Si proche de nous, de vous, de cette foule autour de moi, de ce cercle littéraire qui est outré par mes aveux. Ils essaient et ils essayent encore. Pour ma part, je crois que le poète veut que son oeuvre vive en nous. Il souhaite que nous respections l'esprit de son art, afin que son âme vive.
— Je vais vous montrer. » Je prends ma copie du recueil d'entre la ville et l'écorce. Je l'ai balancé au bout de mes bras dans une fente derrière une banquette (j’entends) « Va chercher!
— Non, est la plus grande affirmation de pourvoir de l'artiste.
— Mais ton livre est neuf, tu viens de l'acheter.
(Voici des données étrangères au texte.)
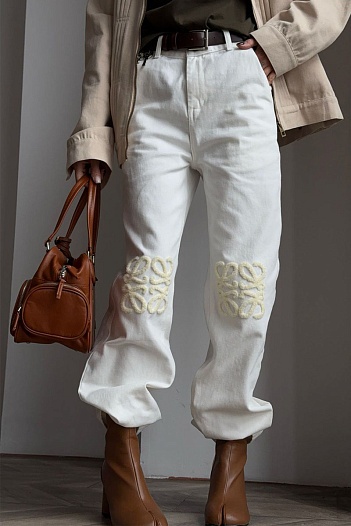 Женские джинсы белого цвета Loewe Slouchy   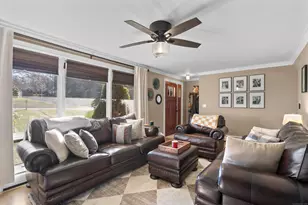 56 Kathy Dr, Seymour, CT 06483 - Photo 4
— Il n'est plus à moi maintenant.
— Quoi?
— Si quelqu'un le veut, si vous vous étirez le bras, je vous l'offre!
— Pourquoi, tu fais ça?
— Parce que l'auteur aime mieux que je lui dise que j'aime le corps d'ouvrage de son esprit et que peu importe vote penser à mon égard ou a son égard. J'adore son âme et j'affirme que oui, demain, j'irai, à nouveau, l'encourager en achetant un nouvel exemplaire de ce recueil. » — Luc du Ressac. — Tous droits réservés. -
« Il n'y a pas de maussade
Ni de noir ou de gris
Il n'y a que des oeillères »
— Robin Aubert. Entre la ville et l'écorce.